▶ Your assignment
Set down exactly the lines of the listing below, please, beginning with the first and ending with the line that holds "Net Capital Outflow".

── Data for processing

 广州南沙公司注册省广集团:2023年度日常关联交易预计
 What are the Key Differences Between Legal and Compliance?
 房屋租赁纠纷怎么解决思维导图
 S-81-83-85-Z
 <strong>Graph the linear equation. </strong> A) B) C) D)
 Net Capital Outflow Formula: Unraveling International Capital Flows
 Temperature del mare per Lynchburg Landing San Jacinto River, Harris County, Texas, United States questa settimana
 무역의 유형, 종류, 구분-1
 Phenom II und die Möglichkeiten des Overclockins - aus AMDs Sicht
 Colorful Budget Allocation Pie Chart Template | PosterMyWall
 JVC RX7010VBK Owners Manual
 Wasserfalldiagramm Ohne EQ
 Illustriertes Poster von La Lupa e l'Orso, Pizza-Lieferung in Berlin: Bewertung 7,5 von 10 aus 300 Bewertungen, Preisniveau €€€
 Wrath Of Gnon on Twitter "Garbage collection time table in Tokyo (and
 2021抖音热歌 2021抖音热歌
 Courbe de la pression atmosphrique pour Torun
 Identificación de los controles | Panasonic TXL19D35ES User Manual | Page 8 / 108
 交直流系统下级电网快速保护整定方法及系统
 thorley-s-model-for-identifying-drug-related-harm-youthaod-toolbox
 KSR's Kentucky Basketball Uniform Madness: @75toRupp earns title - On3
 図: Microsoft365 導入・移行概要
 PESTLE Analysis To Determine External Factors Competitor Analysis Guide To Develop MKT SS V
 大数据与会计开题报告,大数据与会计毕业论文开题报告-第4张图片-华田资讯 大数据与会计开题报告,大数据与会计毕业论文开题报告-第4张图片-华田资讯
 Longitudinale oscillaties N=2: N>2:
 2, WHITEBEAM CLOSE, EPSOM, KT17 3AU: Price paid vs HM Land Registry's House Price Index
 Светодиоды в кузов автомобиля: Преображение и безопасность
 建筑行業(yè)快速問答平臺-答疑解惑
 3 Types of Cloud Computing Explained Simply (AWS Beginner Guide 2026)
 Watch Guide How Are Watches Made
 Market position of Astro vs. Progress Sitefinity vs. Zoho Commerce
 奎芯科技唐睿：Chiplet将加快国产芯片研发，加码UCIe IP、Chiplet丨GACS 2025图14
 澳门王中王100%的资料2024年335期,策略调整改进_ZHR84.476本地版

────

▶ Result
 广州南沙公司注册省广集团:2023年度日常关联交易预计
 What are the Key Differences Between Legal and Compliance?
 房屋租赁纠纷怎么解决思维导图
 S-81-83-85-Z
 <strong>Graph the linear equation. </strong> A) B) C) D)
 Net Capital Outflow Formula: Unraveling International Capital Flows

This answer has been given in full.